[Crawled caption data]
----------

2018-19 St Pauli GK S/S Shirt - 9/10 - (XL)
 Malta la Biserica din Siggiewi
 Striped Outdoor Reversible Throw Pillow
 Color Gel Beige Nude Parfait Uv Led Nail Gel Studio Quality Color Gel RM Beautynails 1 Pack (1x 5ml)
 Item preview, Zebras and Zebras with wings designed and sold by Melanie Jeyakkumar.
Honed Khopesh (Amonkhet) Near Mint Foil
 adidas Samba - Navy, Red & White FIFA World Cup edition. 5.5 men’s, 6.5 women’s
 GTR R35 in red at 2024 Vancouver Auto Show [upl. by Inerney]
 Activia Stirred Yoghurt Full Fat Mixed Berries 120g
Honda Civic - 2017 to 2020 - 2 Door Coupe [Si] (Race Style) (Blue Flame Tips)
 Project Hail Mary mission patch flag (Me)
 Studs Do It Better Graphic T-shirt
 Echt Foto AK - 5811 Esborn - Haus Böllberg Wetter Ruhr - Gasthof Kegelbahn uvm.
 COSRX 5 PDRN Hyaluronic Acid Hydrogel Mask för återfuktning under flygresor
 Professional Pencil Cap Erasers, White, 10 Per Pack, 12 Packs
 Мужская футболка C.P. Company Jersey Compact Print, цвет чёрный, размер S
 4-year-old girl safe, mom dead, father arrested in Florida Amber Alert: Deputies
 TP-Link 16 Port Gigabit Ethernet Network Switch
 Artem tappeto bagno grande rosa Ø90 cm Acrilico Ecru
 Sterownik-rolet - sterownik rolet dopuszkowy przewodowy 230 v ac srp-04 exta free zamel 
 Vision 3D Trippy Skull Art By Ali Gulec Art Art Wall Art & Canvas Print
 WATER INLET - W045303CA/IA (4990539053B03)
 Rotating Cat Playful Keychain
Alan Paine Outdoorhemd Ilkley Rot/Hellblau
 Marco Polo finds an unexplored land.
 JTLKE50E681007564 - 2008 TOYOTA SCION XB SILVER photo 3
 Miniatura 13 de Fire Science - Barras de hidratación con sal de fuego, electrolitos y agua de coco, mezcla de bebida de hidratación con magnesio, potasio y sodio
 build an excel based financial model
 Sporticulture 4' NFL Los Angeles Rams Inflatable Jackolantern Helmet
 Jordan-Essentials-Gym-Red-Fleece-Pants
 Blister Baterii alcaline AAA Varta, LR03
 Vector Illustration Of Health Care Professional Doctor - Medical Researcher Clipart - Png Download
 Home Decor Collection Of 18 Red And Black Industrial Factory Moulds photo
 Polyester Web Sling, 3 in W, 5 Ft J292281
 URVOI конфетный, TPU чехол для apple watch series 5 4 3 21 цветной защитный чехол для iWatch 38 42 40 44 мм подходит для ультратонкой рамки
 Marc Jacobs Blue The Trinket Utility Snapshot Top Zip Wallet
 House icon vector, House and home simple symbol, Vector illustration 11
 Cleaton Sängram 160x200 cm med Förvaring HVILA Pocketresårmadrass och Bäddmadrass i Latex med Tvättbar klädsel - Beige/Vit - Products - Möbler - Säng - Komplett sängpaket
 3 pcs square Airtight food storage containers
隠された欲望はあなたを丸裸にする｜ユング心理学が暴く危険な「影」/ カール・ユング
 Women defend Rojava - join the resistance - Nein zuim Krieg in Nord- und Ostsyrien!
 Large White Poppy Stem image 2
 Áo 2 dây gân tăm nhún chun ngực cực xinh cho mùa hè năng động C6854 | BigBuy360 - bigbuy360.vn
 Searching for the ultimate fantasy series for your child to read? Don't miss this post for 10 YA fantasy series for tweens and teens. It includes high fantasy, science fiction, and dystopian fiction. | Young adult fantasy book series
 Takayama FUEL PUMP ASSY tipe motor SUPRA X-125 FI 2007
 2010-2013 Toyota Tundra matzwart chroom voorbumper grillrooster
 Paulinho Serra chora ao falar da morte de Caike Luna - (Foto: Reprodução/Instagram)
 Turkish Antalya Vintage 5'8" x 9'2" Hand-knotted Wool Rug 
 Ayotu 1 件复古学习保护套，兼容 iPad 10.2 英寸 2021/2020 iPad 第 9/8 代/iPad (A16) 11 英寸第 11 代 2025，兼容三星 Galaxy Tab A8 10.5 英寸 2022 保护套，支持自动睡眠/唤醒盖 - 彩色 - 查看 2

----------

* **EXERCISE DESCRIPTION**: Once you find the line with "Cleaton Sängram 160x200" in the entries above, output it and each line after it up to and including the line with "Large White Poppy Stem image 2", and nothing else.

* **WRITTEN SOLUTION**:
 Cleaton Sängram 160x200 cm med Förvaring HVILA Pocketresårmadrass och Bäddmadrass i Latex med Tvättbar klädsel - Beige/Vit - Products - Möbler - Säng - Komplett sängpaket
 3 pcs square Airtight food storage containers
隠された欲望はあなたを丸裸にする｜ユング心理学が暴く危険な「影」/ カール・ユング
 Women defend Rojava - join the resistance - Nein zuim Krieg in Nord- und Ostsyrien!
 Large White Poppy Stem image 2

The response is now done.